The OpenCoffee Club concept was launched in London in 2007 and brought to Boulder by Foundry Group’s Jason Mendelson in that same year. The group has been meeting regularly ever since, evolving to meet the needs of the community along the way. We’ve changed the name to Boulder Open Coffee, had four venues, four moderators, and broadened the focus of the group from meeting with investors to being a general resource to the startup community. That said, Jason’s thoughts on the group from 2010 still ring true today:

Bottom line, is that I’ve never seen such an engaged, smart, passionate and honest group of people get together every two weeks and talk about interesting things. I always leave the event much more energized than I started.

Starting an Open Coffee in Your Community

Like most things related to the startup community, you don’t need permission from anybody to get a group going. With that said, my hope is that some of my experience moderating Open Coffee in Boulder and Denver and my experience helping a few people start open coffees in other cities will be helpful to you.

Find a Venue

There’s no need to overthink your venue for your first few Open Coffees. Just make sure people know where to find it and make sure that there’s coffee available - that’s it!
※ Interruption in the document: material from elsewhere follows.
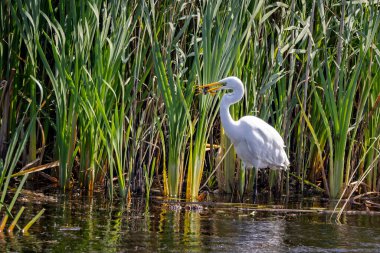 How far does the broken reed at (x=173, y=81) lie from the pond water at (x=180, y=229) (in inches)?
16.9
If you start to get some traction and your group grows, here are some other factors to keep in mind:

  • Check to see if your group is welcome. While we’ve had great luck with being met with open arms, we’ve discovered that not every manager sees value in having a large group show up in their place of business.

  • Providing sponsored coffee in carafes is a nice gesture but I’ve found that people would rather pay for their own coffee so that they can have their latte or other favorite drink prepared just so.

  • Acoustics matter - if people can’t hear each other the whole concept falls apart. Venues that have a semi-private meeting area are ideal.

  • Natural light has been a surprisingly important factor in keeping people coming back regularly, particularly in the winter months.

Get the Word Out

We’ve relied on word of mouth as the foundation for getting the word out about Boulder Open Coffee. Here are some of the variations we’ve used, along with a few others:

  • Social media, particularly if you’re able to enlist influential friends in the startup community to help you out. I’ve experimented with creating accounts specific to the event but ultimately think that your best bet is to share using your personal accounts instead.

  • Event sites: we’ve used Facebook, a custom built site, and throughout the years. We’re currently on and have seen great results with it.

  • Startup event listings: for those of you here in Colorado I highly recommend Startup Digest and Built in Colorado.

  • I’ve dropped the word Club from the name to make it seem less, well clubby. There’s no secret handshake so let’s not make people think there may be one!

Don’t Forget to Moderate

After you’ve put effort into getting everybody together, make sure you create the conditions for great conversations.

  • Welcome people as they arrive, especially newcomers.

  • Jot down a few notes about topics to inject if there’s a lull in the conversation. I generally sit down for 10 minutes or less to review what’s been in technology news since the last meeting.

  • Don’t be afraid to politely cut somebody off if they go too far off topic or hold the group hostage with a long, rambling rant.

  • Get lots of people involved. Lately I’ve been letting the group know that there’s no need to raise hands before speaking, but for those who have trouble getting a word in edgewise, to either raise their hand or make eye contact with me so that I can be sure to give them the opportunity to chime in. Some days I’m able to just let the conversation be free flow and others require a heavier hand - it just depends on the team dynamic.

A Few More Thoughts

  • Be patient! Building a critical mass of people takes time. Once you get there the group will take on a life of its own. If I were to no-show at the next Boulder Open Coffee one of the regulars would slide right into my place without skipping a beat.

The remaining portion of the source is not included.